- Original publicity poster
- Directed by: Carol Reed
- Screenplay by: Peter Shaffer
- Based on: The Public Eye by Peter Shaffer
- Produced by: Hal B. Wallis
- Starring: Mia Farrow; Topol; Michael Jayston; Margaret Rawlings; Annette Crosbie; Dudley Foster; Michael Aldridge; Michael Barrington; Neil McCarthy;
- Cinematography: Christopher Challis
- Edited by: Anne V. Coates
- Music by: John Barry
- Color process: Technicolor
- Production company: Hal Wallis Productions
- Distributed by: Universal Pictures
- Release date: 18 July 1972 (New York City);
- Running time: 93 minutes
- Country: United Kingdom
- Language: English

= Follow Me! (film) =

1972 British comedy-drama film by Carol Reed

Follow Me! (U.S.title: The Public Eye) is a 1972 British comedy-drama film directed by Carol Reed and starring Mia Farrow, Topol and Michael Jayston. Adapted by Peter Shaffer from his 1962 play The Public Eye, the picture marks Carol Reed's last completed film. The score was composed by John Barry and the film was edited by Anne V. Coates.

==Plot==
Set in London, it is the story of Charles, a successful but rather stuffy businessman, who meets and marries Belinda, a free-spirited American woman. After a time, he believes she is having an affair because she spends long hours away from home during the day. Charles hires a private detective to follow his wife. Belinda becomes aware that she is being followed, and the detective realises she has found out. However rather than abandoning the case, the detective begins an elaborate game of cat and mouse with the complicity of the wife. The detective finally informs Charles that his wife never had an affair, and merely goes on solitary exploratory walks around the city. The husband realises he has been neglectful and made his wife unhappy. He joins the game of following his wife as an adventure.

==Cast==
- Mia Farrow as Belinda
- Topol as Julian Cristoforou
- Michael Jayston as Charles
- Margaret Rawlings as Mrs. Sidley
- Annette Crosbie as Miss Framer
- Dudley Foster as Mr. Mayhew
- Michael Aldridge as Sir Philip Crouch
- Michael Barrington as Mr. Scrampton
- Neil McCarthy as Parkinson
==Production==
Editor Anne Coates said Hal Wallis was deferential to Carol Reed and would call him "Sir Carol".

==Reception==
The Monthly Film Bulletin wrote: "Peter Shaffer expands and updates his one-act play The Public Eye and inevitably courts the objection that the comedy of the original has been ruthlessly broadened and its sentimental bias spelled out over-large on the big screen. But in the process of rendering characters and action more detailed, Shaffer has evolved a curious concoction, somehow poised between the enjoyable absurdity of high romantic comedy and the sentimental tidying up of women's magazine fiction."
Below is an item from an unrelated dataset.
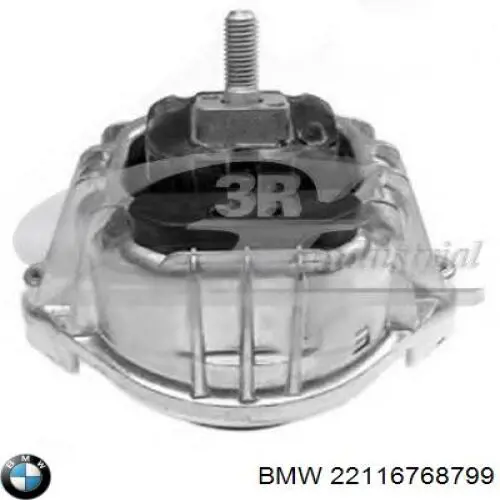 Coxim (suporte) esquerdo de motor BMW 22116768799 preço, a partir de 51,97 USD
Variety wrote: "Peter Shaffer's stage one-acter lasted roughly half as long as this film version and, since nothing has been done to beef up the plot, a good deal of padding was necessary. Curiously, however, it's the padding – expertly staged by Carol Reed and sumptuously photographed by Christopher Challis – that supplies most of the entertainment, Mia Farrow, who looks fine in a new Margaret Sullivan haircut and simple but elegant togs designed by Julie Harris, is every bit as sparkling as the dialog is flat."

==Awards==
Mia Farrow won the best actress award and Topol won the best actor award at the San Sebastian International Film Festival.